Napoleoni ci invita a pensare che il Welfare State, quand’anche concepito come compensazione, non può essere un obbiettivo in sé per la sinistra, perché non è in grado di produrre senso. Nel suo Discorso sull’austerità, Enrico Berlinguer poneva la questione sullo stesso piano provando a indicare una via dove il “produrre per il produrre” (ovvero ricordiamolo, il capitalismo) sia sostituito al produrre per i bisogni (ossia da un’economia realmente umana e sociale).
Con le parole di Berlinguer: «Per noi l’austerità è il mezzo per contrastare alle radici e porre le basi del superamento di un sistema che è entrato in una crisi strutturale e di fondo, non congiunturale, di quel sistema i cui caratteri distintivi sono lo spreco e lo sperpero, l’esaltazione di particolarismi e dell’individualismo più sfrenati, del consumismo più dissennato. L’austerità significa rigore, efficienza, serietà, e significa giustizia; cioè il contrario di tutto ciò che abbiamo conosciuto e pagato finora, e che ci ha portato alla crisi gravissima i cui guasti si accumulano da anni e che oggi sì manifesta in Italia in tutta la sua drammatica portata. […] Lungi dall’essere, dunque, una concessione agli interessi dei gruppi dominanti o alle esigenze di sopravvivenza del capitalismo, l’austerità può essere una scelta che ha un avanzato, concreto contenuto di classe, può e deve essere uno dei modi attraverso cui il movimento operaio si fa portatore di un modo diverso del vivere sociale, attraverso cui lotta per affermare, nelle condizioni di oggi, i suoi antichi e sempre validi ideali di liberazione.
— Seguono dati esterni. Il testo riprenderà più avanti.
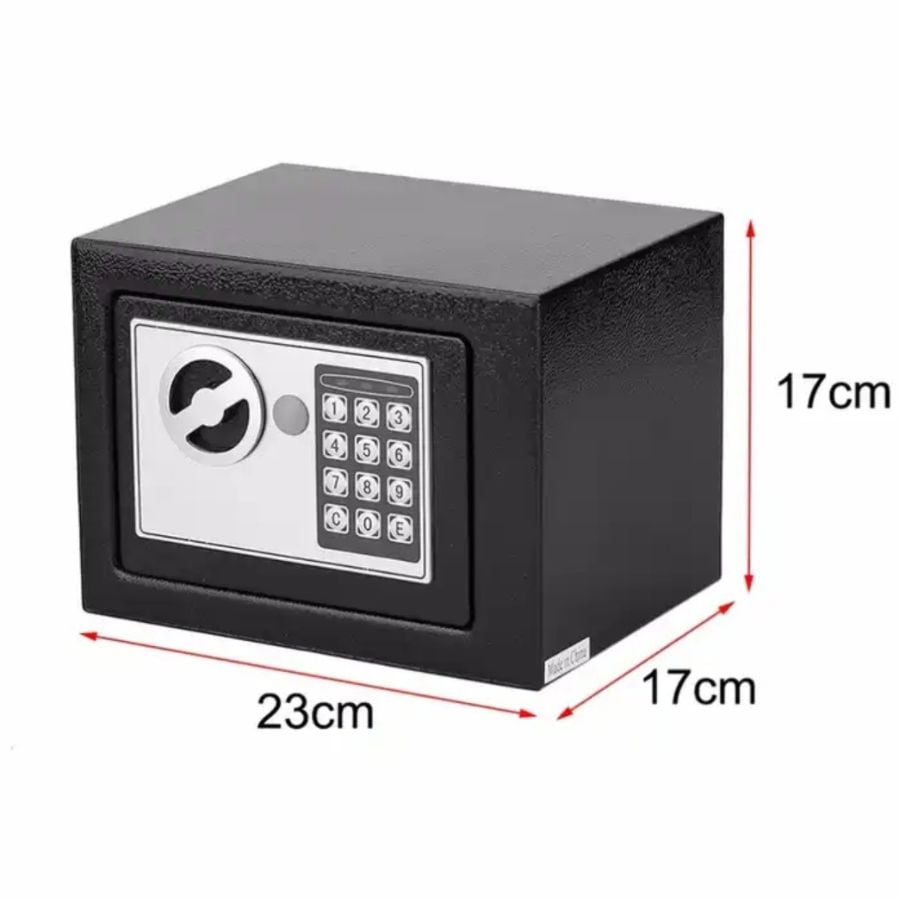 CAJA SEGURIDAD CLICK VENTAS FUERTE DIGITAL LLAVES - 3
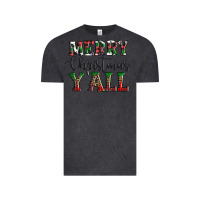 Vintage Black merry christmas y'all Vintage Tee - AdoDesignShop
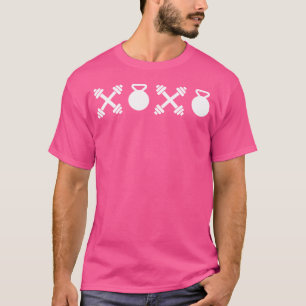 Hugs And Kisses Kettlebells And Barbells T-Shirt
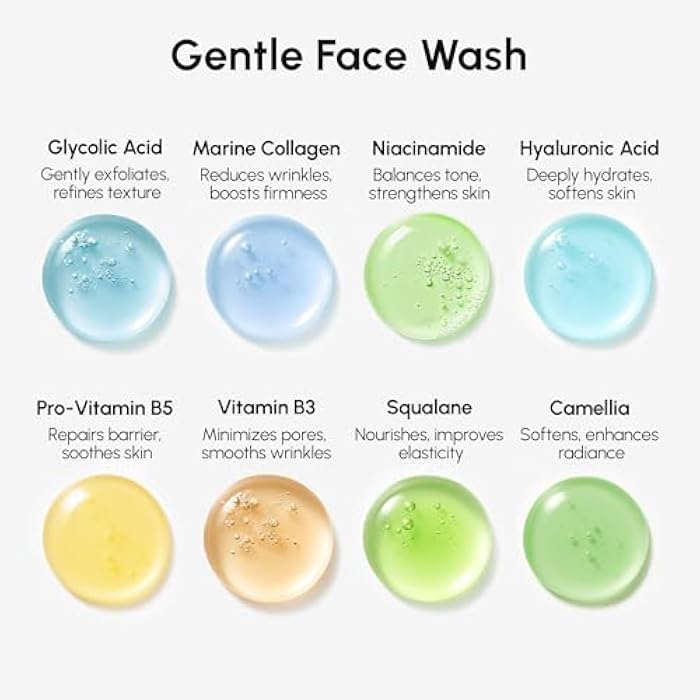 MAREE Face Exfoliator — Microdermabrasion Facial Scrub & Exfoliating Face Wash for Women — Collagen & Glycolic Acid — Gentle Scrub and Exfoliant — Men Exfoliating Scrubber — Exfoliante Facial Cleanser - Image 5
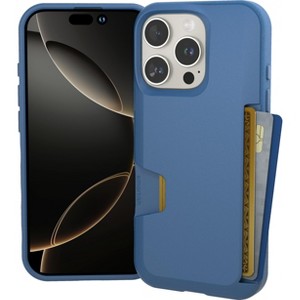 Smartish iPhone 16 Wallet Case - Wallet Slayer Vol 1 - Slim Grip Card Holder Cover - 1 of 4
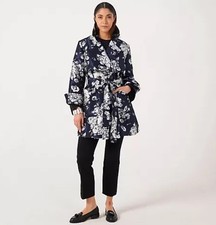 MarlaWynne Jacquard Spring Trench. Deep Indigo. Size Large. BNWOT. RRP £149.
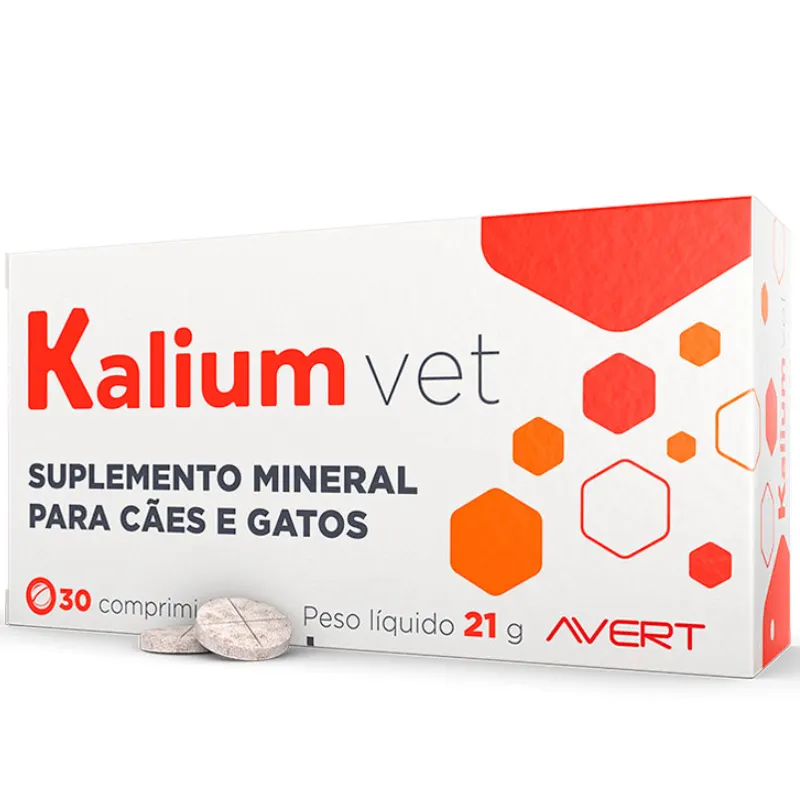 Suplemento Avert Kalium Vet para Cães com 30 Comprimidos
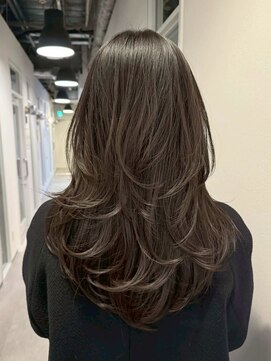 ムード(MOOD,) 暗めカラー/グランマッシュ[レイヤーカット/髪質改善/銀座]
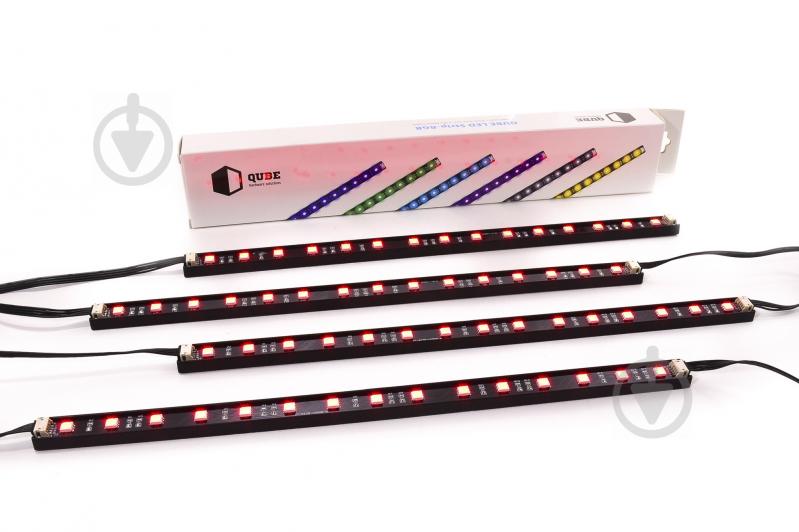 Стрічка світлодіодна QUBE RGB AURA KIT 4xRGB Stripe 300mm (RGB_AURA_KITv02) - фото 4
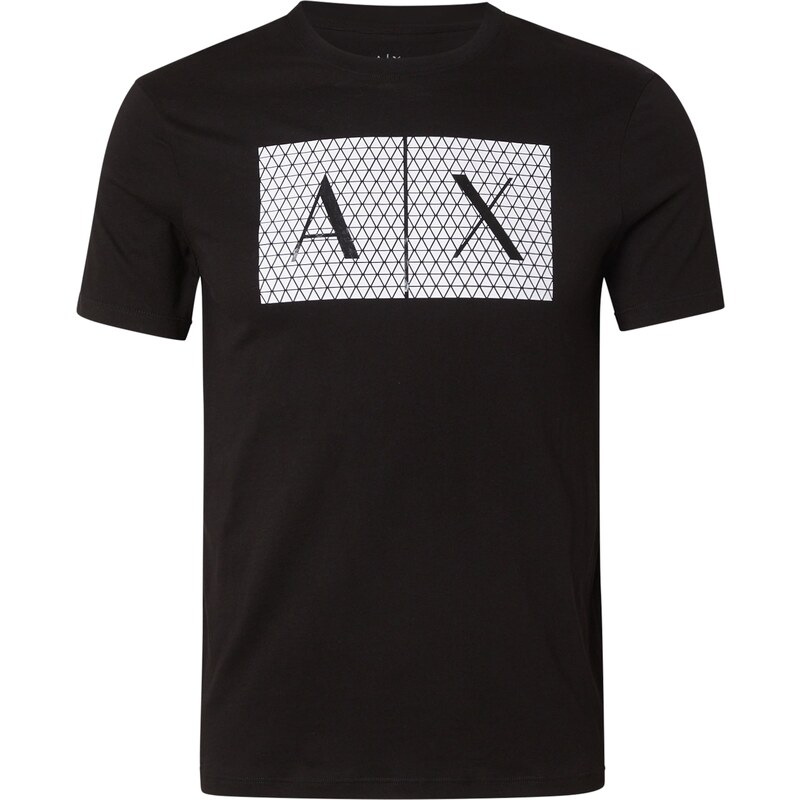 ARMANI EXCHANGE Tričko 8NZTCK černá / bílá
E infatti, io credo che nelle condizioni di oggi è impensabile lottare realmente ed efficacemente per una società superiore senza muovere dalla necessità imprescindibile dell’austerità».
È indubitabile che oggi siamo alla fine di un altro ciclo, quello neoliberale. Dal punto di vista economico, come è sempre più evidente, perché la debolezza delle sue basi teoriche ha costruito un’economia tanto fragile quanto isterica. Dal punto di vista politico, perché la disattenzione al patto sociale su cui si è costruita ha reso le società attuali molto più esposte alla tentazione autoritaria e populista.
Vi è dunque bisogno di una rinnovata riflessione sui sentieri che la politica economica, e l’economia politica, dovranno reimparare a percorrere. E quindi vi è bisogno di una rinnovata riflessione della sinistra sull’alternativa allo status quo, capace di rinunciare alla tentazione di percorrere sentieri già battuti e di riconoscere le forme odierne dell’alienazione. Ma questo significa che la sinistra dovrà riprendere una riflessione su ciò che oggi può legare la questione dei diritti con la questione economica, e la questione della liberazione con il pensiero di una alternativa allo stato di cose esistente.